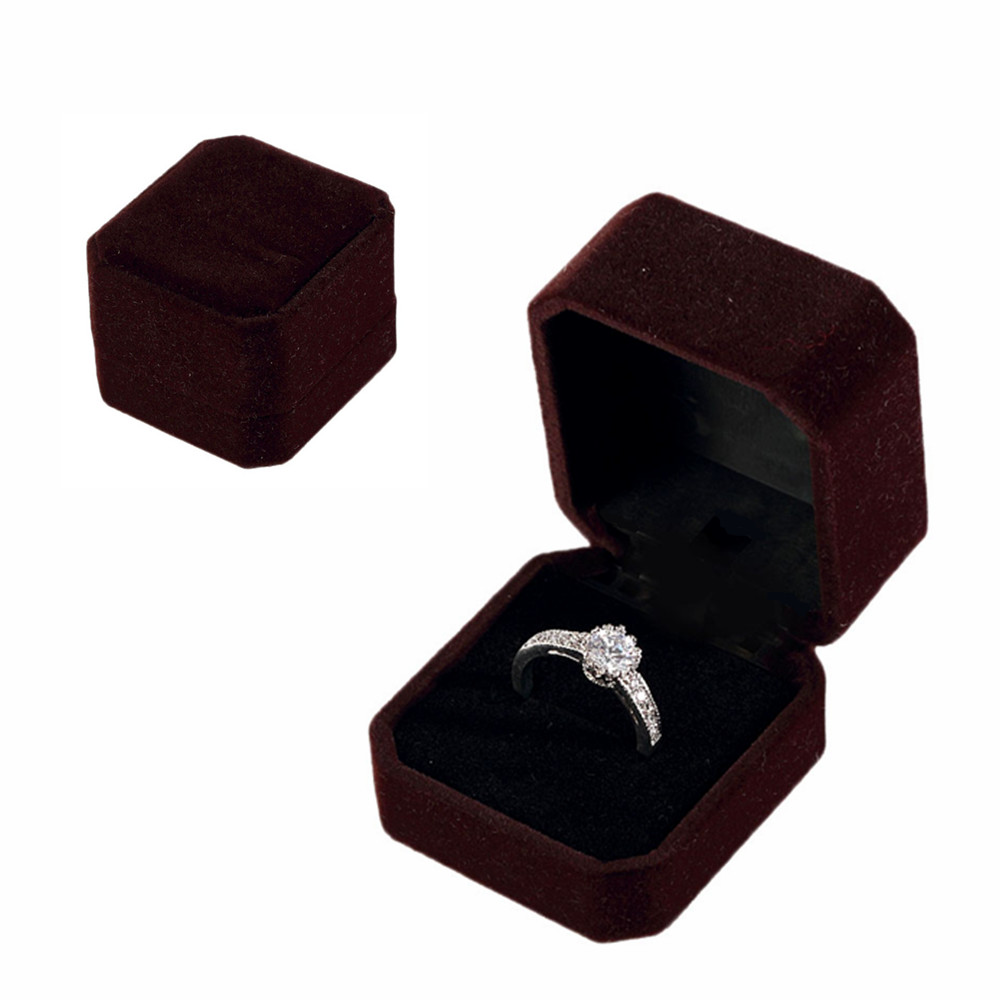 10 Colors Engagement Wedding Premium Velvet Ring Box Jewelry Packaging Gift Box Packaging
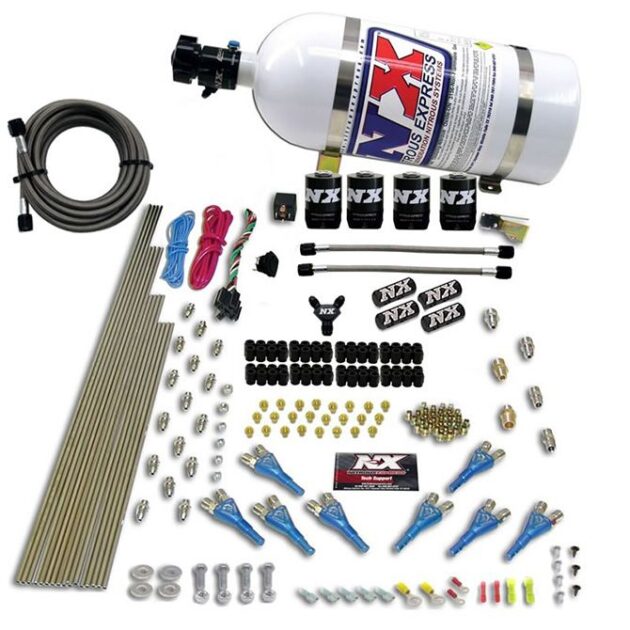 Nitrous Express 8 CYL SHARK DIRECT PORT, 4 SOLENOIDS, WITH 10LB BOTTLE (200-600HP JETTING)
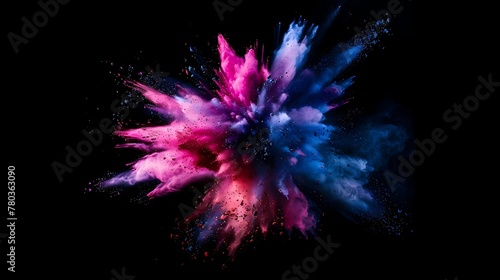 Colorful powder explosion on black background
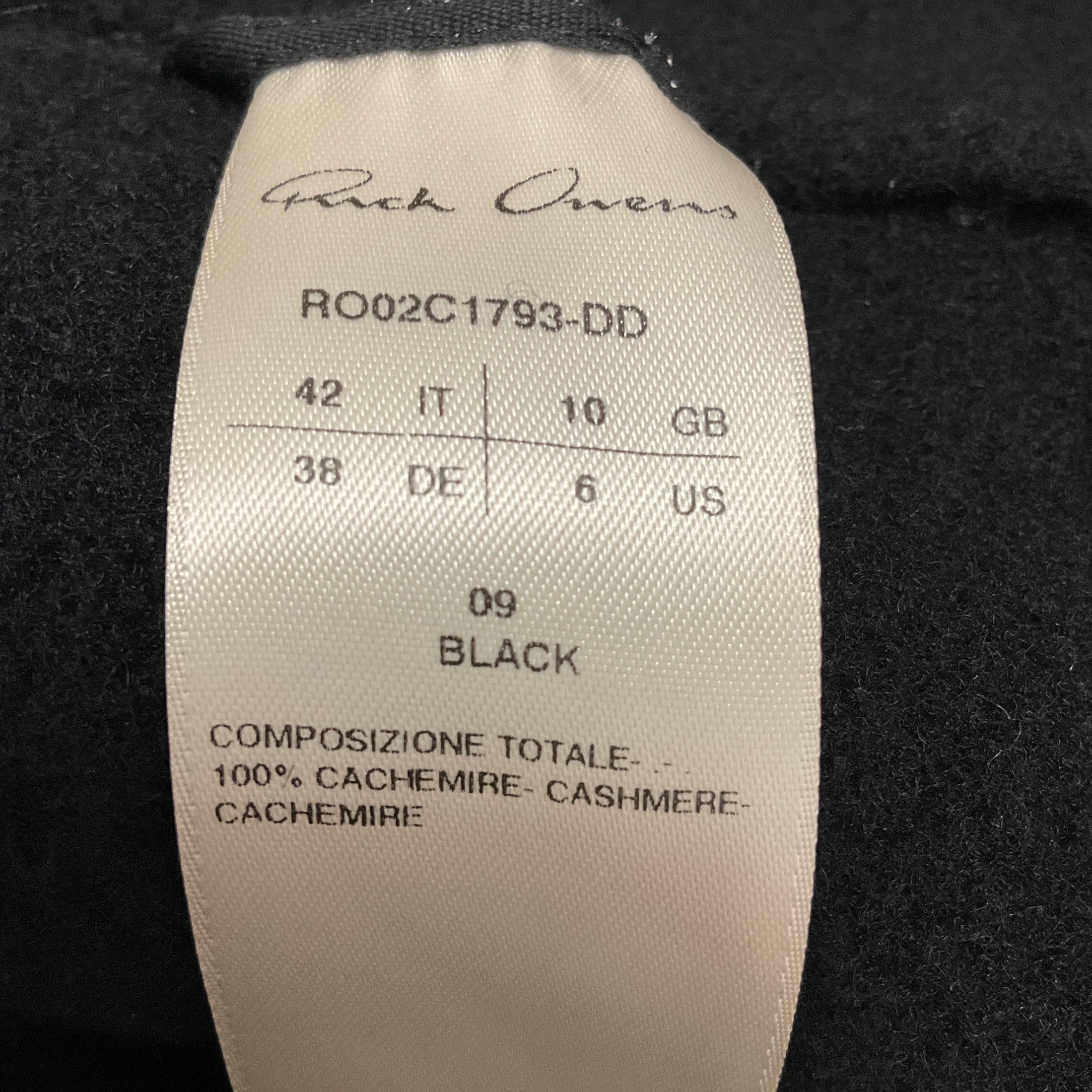 Rick Owens Black Luxor Collection High Waisted Cashmere Long Maxi Skirt with Flared Hem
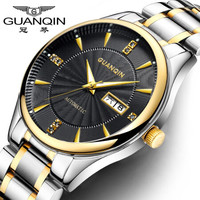 冠琴(GUANQIN)新款正品男士手表全自动机械男表 潮流时尚防水双日历夜光精钢表带手表男机械表腕表 间金黑面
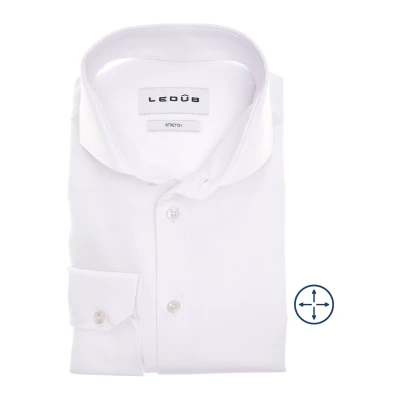 Afbeelding van Ledub overhemd heren Ledûb slim fit wit effen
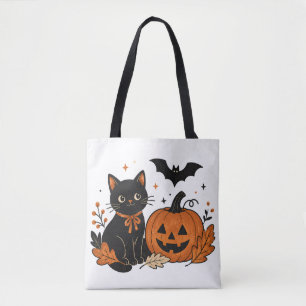 Tote Bag T-shirt Halloween Chat Noir Citrouille Imprimé Par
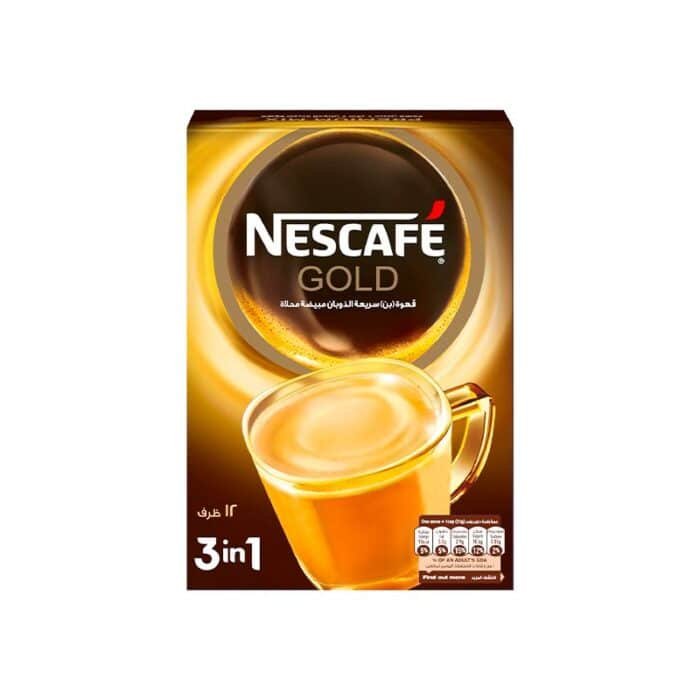 Nescafe Gold 3 in 1 Instant Coffee - 21g X 12 Sachets - Image 1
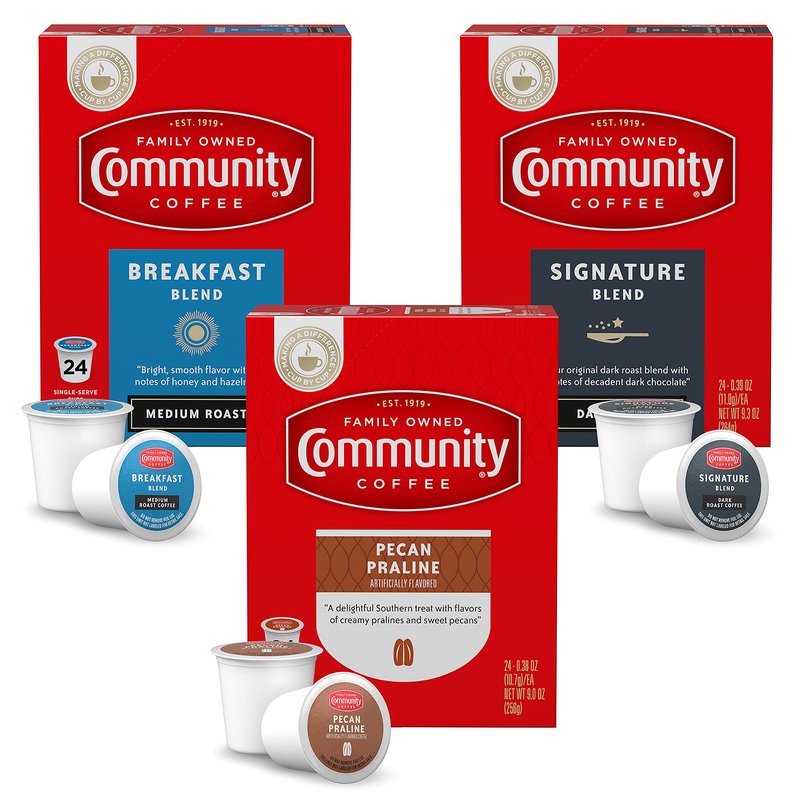Community Coffee Variety Pack 72 Count Coffee Pods, Medium, Dark Roast and Flavored, Compatible with Keurig 2.0 K-Cup Brewers, 24 Count (Pack of 3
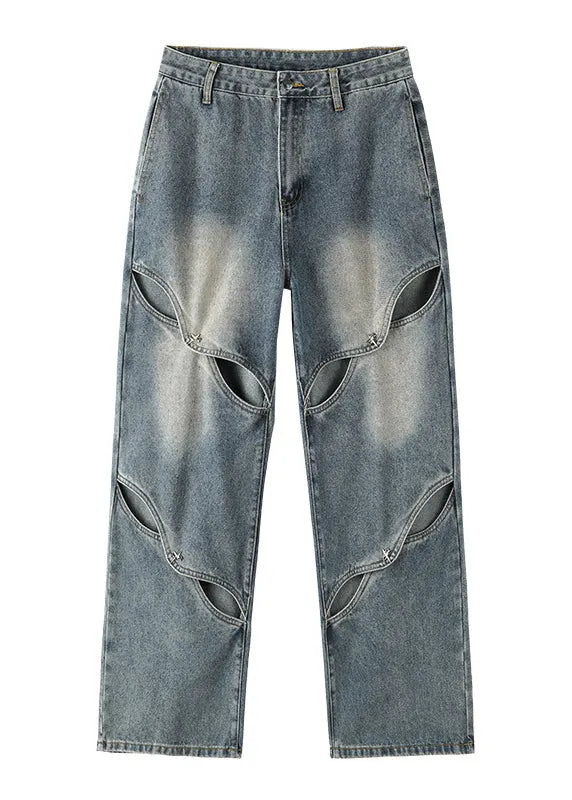 American Style Blue Ripped Jeans Spring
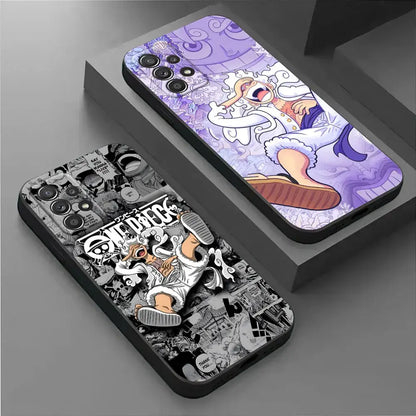 Purple and black one piece monkey d luffy phone case for samsung galaxy fit featuring anime character design on back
+-------+
◆ REQUIRED ACTION ◆
Each line from the one containing "Afbeelding van Ledub" through the last line above should be retyped exactly, and no other line. Any picture is to be left out.

◆ RESPONSE TO THE TASK ◆
 Afbeelding van Ledub overhemd heren Ledûb slim fit wit effen
 Tote Bag T-shirt Halloween Chat Noir Citrouille Imprimé Par
 Nescafe Gold 3 in 1 Instant Coffee - 21g X 12 Sachets - Image 1
Community Coffee Variety Pack 72 Count Coffee Pods, Medium, Dark Roast and Flavored, Compatible with Keurig 2.0 K-Cup Brewers, 24 Count (Pack of 3
 American Style Blue Ripped Jeans Spring
 Purple and black one piece monkey d luffy phone case for samsung galaxy fit featuring anime character design on back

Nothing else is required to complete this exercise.